A time-bound goal means setting a timeframe, sometimes even a specific date that you can circle on your calendar, by which you plan to have achieved the goal. Adding a time-sensitive element to your goal means you’ll be able to plan the incremental changes you need to achieve the goal and set milestones along the way.
Examples of SMART fitness goals
Because SMART goals take into account your current fitness level and your personal desires, goals are likely to be very different from person to person. That’s what makes them personalized and more likely to make you successful in sticking to them and achieving results.
In general, short-term fitness goals should be things you plan to achieve in the next six months or less. Anything longer than that is considered a more long-term goal.
Consider these example SMART fitness goal examples to get you started on setting your own goals.
Short-term: By fall, I’ll run a 5K.
Long-term: This time next year, I’ll run a 10K.
- If you’re a more advanced runner, perhaps start with a goal to set a personal record for time in your next race, or to run a longer race.
Short-term: For the next six months, I’ll go to two yoga classes per week.
Long-term: By this time next year, I’ll work on advanced poses in higher-intensity yoga classes.
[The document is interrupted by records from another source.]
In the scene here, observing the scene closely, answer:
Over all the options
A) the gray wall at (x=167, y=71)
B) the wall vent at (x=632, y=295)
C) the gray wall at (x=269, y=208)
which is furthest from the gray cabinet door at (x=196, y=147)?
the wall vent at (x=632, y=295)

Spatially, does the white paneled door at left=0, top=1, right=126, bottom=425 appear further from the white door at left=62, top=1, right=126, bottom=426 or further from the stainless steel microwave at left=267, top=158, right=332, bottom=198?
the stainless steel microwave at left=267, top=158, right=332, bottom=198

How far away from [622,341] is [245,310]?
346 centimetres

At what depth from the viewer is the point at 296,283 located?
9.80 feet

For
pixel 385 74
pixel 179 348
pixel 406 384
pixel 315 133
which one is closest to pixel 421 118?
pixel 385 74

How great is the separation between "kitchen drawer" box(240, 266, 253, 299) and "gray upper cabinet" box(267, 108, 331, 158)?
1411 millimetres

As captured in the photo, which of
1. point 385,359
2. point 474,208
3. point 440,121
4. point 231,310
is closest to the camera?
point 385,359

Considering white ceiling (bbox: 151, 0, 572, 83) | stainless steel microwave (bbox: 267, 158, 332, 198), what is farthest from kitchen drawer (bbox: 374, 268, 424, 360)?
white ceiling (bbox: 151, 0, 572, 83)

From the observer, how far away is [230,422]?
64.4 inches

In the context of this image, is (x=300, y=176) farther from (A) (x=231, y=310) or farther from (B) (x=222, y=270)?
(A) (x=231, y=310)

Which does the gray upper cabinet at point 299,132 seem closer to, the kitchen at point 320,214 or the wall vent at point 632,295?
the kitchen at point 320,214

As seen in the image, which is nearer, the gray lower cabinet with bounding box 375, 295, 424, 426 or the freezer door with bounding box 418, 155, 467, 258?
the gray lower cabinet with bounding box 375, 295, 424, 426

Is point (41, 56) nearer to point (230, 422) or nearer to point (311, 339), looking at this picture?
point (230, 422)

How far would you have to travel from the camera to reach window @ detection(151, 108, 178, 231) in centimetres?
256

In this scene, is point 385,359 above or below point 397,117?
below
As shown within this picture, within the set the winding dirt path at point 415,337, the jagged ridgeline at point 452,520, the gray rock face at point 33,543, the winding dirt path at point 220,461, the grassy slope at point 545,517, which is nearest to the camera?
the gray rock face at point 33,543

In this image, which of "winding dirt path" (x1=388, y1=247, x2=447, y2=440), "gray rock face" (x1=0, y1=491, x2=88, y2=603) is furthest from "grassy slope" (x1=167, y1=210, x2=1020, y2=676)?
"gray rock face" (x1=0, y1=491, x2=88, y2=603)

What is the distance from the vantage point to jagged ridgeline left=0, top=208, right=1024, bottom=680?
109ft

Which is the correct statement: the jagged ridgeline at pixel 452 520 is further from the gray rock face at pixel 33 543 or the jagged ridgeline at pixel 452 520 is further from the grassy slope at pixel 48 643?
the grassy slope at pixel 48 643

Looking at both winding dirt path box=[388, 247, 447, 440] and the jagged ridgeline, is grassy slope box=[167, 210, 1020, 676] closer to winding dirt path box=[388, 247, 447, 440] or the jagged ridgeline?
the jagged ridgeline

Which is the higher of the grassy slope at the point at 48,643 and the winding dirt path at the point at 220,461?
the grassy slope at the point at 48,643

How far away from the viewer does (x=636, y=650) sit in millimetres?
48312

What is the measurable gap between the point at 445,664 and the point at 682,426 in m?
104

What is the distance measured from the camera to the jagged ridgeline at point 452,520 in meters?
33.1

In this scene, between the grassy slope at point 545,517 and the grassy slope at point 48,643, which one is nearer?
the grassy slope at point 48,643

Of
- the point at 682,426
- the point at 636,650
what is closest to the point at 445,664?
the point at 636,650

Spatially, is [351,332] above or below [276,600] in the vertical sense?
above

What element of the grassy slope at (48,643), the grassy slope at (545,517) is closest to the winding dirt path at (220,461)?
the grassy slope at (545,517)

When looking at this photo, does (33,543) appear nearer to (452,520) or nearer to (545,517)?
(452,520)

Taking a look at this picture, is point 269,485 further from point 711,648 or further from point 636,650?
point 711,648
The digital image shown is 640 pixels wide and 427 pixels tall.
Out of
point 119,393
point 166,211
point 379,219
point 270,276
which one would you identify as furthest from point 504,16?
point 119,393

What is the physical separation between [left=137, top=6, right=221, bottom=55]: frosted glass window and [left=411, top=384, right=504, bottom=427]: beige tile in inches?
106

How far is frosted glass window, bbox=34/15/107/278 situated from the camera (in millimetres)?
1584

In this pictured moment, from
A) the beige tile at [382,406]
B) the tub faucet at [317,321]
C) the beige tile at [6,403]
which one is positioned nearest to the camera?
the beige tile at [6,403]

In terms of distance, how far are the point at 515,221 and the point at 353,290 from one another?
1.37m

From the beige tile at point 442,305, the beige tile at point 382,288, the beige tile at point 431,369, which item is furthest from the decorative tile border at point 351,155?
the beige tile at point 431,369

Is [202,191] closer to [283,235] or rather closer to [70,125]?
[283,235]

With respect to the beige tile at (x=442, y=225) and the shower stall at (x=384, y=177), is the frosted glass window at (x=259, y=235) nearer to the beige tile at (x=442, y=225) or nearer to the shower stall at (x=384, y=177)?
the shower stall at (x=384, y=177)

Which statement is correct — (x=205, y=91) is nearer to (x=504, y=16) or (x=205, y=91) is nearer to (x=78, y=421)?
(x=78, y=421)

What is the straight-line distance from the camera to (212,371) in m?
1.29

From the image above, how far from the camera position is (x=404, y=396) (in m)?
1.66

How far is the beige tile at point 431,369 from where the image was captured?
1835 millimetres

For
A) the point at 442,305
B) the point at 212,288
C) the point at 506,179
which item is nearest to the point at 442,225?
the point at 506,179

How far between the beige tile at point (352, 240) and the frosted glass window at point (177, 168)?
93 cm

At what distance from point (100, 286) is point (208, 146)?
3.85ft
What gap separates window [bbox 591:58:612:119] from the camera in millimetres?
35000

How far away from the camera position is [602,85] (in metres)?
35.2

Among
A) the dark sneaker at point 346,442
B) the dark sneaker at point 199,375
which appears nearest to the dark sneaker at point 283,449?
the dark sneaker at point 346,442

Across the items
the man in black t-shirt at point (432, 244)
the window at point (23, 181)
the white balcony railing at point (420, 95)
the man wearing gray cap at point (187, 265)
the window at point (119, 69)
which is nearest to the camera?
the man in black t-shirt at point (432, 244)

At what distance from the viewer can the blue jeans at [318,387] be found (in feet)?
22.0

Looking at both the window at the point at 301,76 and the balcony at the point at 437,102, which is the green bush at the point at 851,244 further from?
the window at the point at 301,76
- Already a devoted yogi? Perhaps your goal is more along the lines of achieving a more advanced pose or gaining a yoga certification.
Short-term: I’ll be able to do 25 knee push-ups in a row without being fatigued in the next three months.
Long-term: In a year, I’ll do 50 regular pushups in a row.
- If strength training is already your jam, consider goals that are focused on increasing your reps or lifting increasingly heavier weights.
Holding yourself accountable
OK, so now it’s all out there on paper. You’ve set a solid SMART goal and have a reason to push yourself to new limits. (Yay!) Now comes the real work.
Lawton says that accountability is the key to achieving the goals you set out for yourself.
“Sometimes, people don’t appreciate how much work actually goes into actually meeting their goals. Changing your habits can be intense and uncomfortable, but it’s worth it. It’ll help to have a plan in place not only for what you’re going to achieve but also the steps you’re taking to get there.”
Lawton suggests these ways to track your progress toward meeting your fitness goals:
- Tell friends or family members about your goals. That means you’ll have people out there checking in with you about your progress.
- Block out time on your calendar to schedule out your exercise plans. That allows you to set aside the time to focus on your fitness and set incremental goals along the way.
- Join a gym, exercise class or social group. It’s positive peer pressure and a built-in support team that can keep you on track.
- Consider talking with a personal trainer or coach to help you map out a plan and keep you going.
- Keep a journal where you write down the work you’ve put in and the gains you’ve made to keep up the momentum.
- Celebrate when you reach a new goal! How you celebrate is up to you, but make sure to take a moment to congratulate yourself on your victories.
Working toward a new goal can be exciting, and maybe even daunting. But breaking it all down into short-term plans and long-term goals that are attainable and measurable can help take some of the guesswork out of the equation. And it keeps you physically and mentally on track to make changes in your life.
If you’re still not sure where to start or are looking for advice, Lawton suggests talking with a fitness professional — like a fitness coach or personal trainer — to help you set a SMART goal, make a plan to achieve it and give you a nudge along the way.